If a page is called that requires a lot of processing and the user clicks stop before the end, does the browser simply stop the request at the client side?
Or is a 'stop' message sent to the server, i.e. is the processing cancelled?
If a page is called that requires a lot of processing and the user clicks stop before the end, does the browser simply stop the request at the client side?
Or is a 'stop' message sent to the server, i.e. is the processing cancelled?
No message is sent to the server when that happens. When the user presses the stop button, the browser just halts the rendering of the page and ignore any further response= from the server.
If the request has already been sent to the server, the server will usually continue executing it. However, depending on the server's implementation, may detect the dropped connection. Meaning you can not rely on the fact that it will continue in every case.
There's no "STOP" messages/requests defined in HTTP, since HTTP is stateless, and stopping a request would require you to know its ID. Quite naturally, as soon as HTTP request hits a server, it cannot be stopped from the outside world.

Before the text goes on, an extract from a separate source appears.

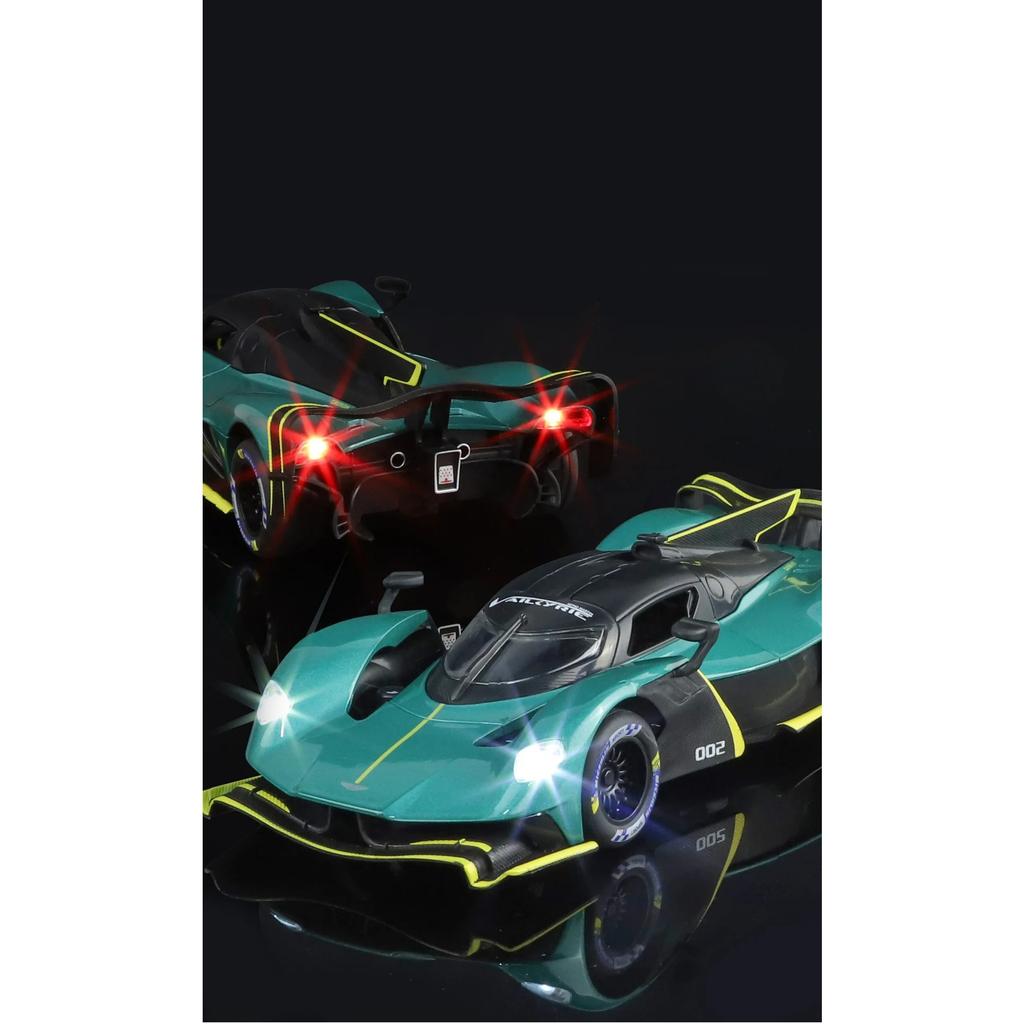 1/24 Aston Martin Valkyrie Spider Supercar Alloy Car Model Sound and Light Pull Back Children's Toy Collectibles Birthday Gift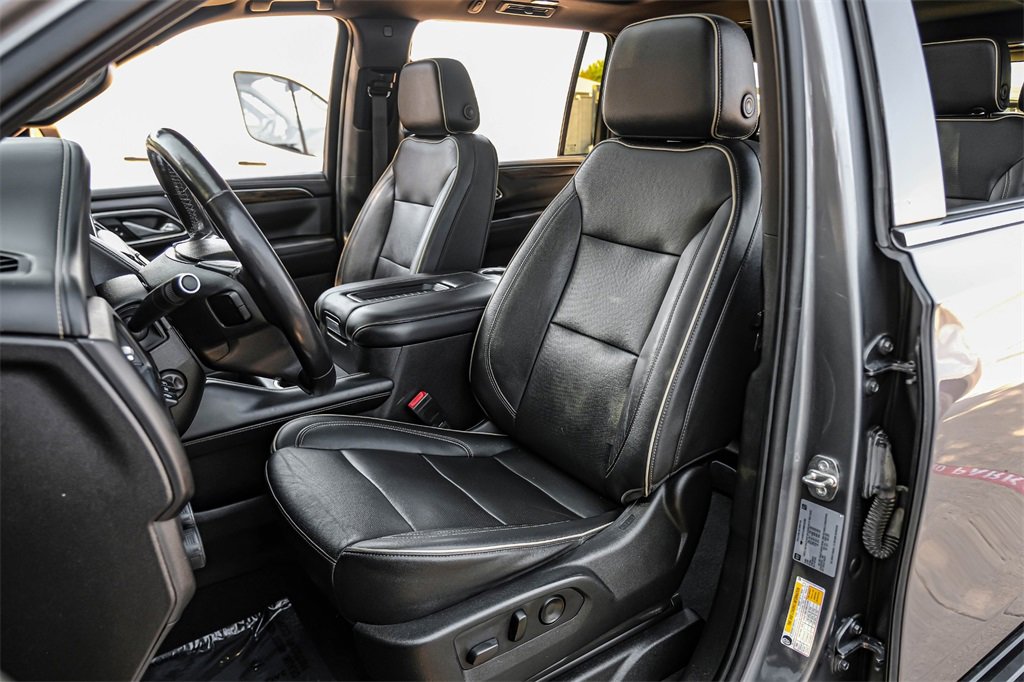 Used 2021 Chevrolet Suburban Premier w/ Premium Package image 36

Actually it kind of sends a "stop message" by closing the connection. This is true only if it is still waiting for output from the main request (not when finished downloading content and started loading images and stuff). So you can detect if the user presses the stop button OR there is some trouble with the connection, when you get connection closed message.
Here is some info on PHP's user manual: http://php.net/manual/en/features.connection-handling.php
On a side note - it always depend on the browser implementation and there is no certain way to be sure if the user pressed the stop button or the connection just dropped.